🤖 AI Summary
Wireless capsule endoscopy (WCE) video-based 3D colonic reconstruction faces challenges from lens distortion, motion artifacts, and sparse camera poses. To address these, we propose an end-to-end SLAM-driven framework: (1) robust pose estimation via improved visual SLAM; (2) multi-frame feature fusion to construct a sparse point cloud, followed by Poisson surface reconstruction for coherent colonic geometry; and (3) a parametric virtual gastrointestinal phantom model enabling controlled distortion simulation, forming the first geometric error quantification framework tailored for WCE. This work achieves, for the first time, full-length 3D colonic reconstruction directly from real clinical WCE videos—demonstrating the feasibility of SLAM and Poisson reconstruction in this domain. The resulting models ensure measurable structural fidelity and full reproducibility, establishing an interpretable, verifiable AI-assisted diagnostic foundation for early colorectal cancer screening.
📝 Abstract
As the number of people affected by diseases in the gastrointestinal system is ever-increasing, a higher demand on preventive screening is inevitable.
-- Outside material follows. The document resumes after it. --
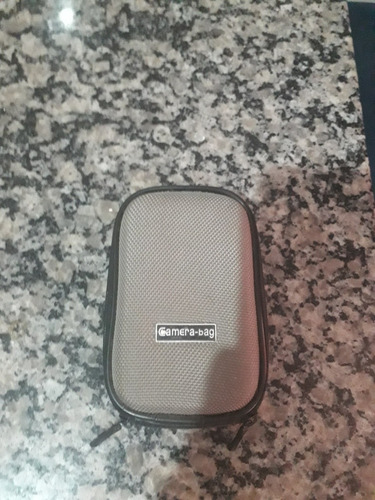Olympus T100 12 Megapixel Zerada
This will significantly increase the workload on gastroenterologists. To help reduce the workload, tools from computer vision may be helpful. In this paper, we investigate the possibility of constructing 3D models of whole sections of the human colon using image sequences from wireless capsule endoscope video, providing enhanced viewing for gastroenterologists. As capsule endoscope images contain distortion and artifacts non-ideal for many 3D reconstruction algorithms, the problem is challenging. However, recent developments of virtual graphics-based models of the human gastrointestinal system, where distortion and artifacts can be enabled or disabled, makes it possible to ``dissect'' the problem. The graphical model also provides a ground truth, enabling computation of geometric distortion introduced by the 3D reconstruction method. In this paper, most distortions and artifacts are left out to determine if it is feasible to reconstruct whole sections of the human gastrointestinal system by existing methods. We demonstrate that 3D reconstruction is possible using simultaneous localization and mapping. Further, to reconstruct the gastrointestinal wall surface from resulting point clouds, varying greatly in density, Poisson surface reconstruction is a good option. The results are promising, encouraging further research on this problem.